Heritage
Homedisplay
Updated: 2011-06-12 08:44
By Gan Tian (China Daily)
Clockwise from top The Ming-style armchairs take pride of place in the living room. Yang Qing's passion for old furniture is rooted in his love for the guqin. Yang's other extensive collections provide a setting for his prized musical instruments. Pear wood gives the rooms a calm feeling. Calligraphy is an important part of Yang's home scene. Even the decorative statues are chosen to reflect the warm wood tones Yang favors. Photos by Wang Jing |
Gan Tian talks to two experts on how to care for and keep cultural and antique collections in the home.
He has no love for cold, angular Western furniture.
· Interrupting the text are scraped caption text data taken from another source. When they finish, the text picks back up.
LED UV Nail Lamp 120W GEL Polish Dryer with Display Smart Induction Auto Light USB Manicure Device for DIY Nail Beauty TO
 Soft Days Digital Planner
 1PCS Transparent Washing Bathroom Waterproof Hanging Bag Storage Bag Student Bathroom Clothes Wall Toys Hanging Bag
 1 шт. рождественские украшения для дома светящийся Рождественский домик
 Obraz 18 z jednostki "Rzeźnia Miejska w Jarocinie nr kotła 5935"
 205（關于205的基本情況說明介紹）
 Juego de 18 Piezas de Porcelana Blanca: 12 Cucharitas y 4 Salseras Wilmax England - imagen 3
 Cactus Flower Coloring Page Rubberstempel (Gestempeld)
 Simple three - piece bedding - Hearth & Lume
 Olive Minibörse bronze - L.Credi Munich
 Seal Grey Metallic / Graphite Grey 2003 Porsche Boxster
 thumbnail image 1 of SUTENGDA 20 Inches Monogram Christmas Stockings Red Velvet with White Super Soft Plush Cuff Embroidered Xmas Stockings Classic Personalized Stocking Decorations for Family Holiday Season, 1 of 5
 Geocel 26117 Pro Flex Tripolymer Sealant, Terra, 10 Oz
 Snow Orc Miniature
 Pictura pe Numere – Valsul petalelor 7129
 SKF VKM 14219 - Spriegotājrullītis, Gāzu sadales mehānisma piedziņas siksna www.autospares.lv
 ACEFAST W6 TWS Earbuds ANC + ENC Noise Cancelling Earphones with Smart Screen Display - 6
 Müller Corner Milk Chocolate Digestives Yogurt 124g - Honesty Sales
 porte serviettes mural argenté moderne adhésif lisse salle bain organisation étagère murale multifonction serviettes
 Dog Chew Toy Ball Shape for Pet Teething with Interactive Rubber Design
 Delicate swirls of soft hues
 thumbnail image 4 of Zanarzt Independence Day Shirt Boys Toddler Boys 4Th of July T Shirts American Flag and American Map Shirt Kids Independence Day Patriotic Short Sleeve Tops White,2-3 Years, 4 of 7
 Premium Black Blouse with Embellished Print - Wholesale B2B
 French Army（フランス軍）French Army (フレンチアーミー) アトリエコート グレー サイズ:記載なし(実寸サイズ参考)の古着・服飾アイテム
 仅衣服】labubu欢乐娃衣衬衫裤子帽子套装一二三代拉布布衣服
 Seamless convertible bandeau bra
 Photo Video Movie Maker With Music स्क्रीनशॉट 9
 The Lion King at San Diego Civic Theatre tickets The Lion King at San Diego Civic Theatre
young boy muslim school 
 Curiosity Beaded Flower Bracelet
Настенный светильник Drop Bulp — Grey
Instead, two ancient round-backed Chinese armchairs take pride of place in his apartment, the centerpieces in a home full of traditional Chinese furniture and musical instruments.
For Yang Qing, 60, the vice-president of the Society of Traditional Chinese Musical Instruments, his motivation for collecting traditional Chinese furniture has nothing to do with money. Instead, it's all about the setting.
It starts with his love of the guqin, a seven-stringed Chinese zither. In Yang's home in Beijing's Chaoyang district, the decor revolves around this classic instrument.
For Yang, it is unimaginable to see himself perched on a Western-style chair and placing his guqin on a Western coffee table. He needed the right props to set the mood.
He started searching for furniture made of Chinese pear wood almost 20 years ago, beginning with an ancient armchair that had the right ergonomics for playing the guqin comfortably. After a couple of months, Yang added other chairs that would complement this chair. And then he fell in love with the style.
"Some like to collect expensive Chinese wooden furniture as investment, but for me, it is just part of my life. I collect them to use them," Yang says. Furniture that is used takes on a patina of warmth that mirrors the love that goes into them. Sometimes, the wood has other effects.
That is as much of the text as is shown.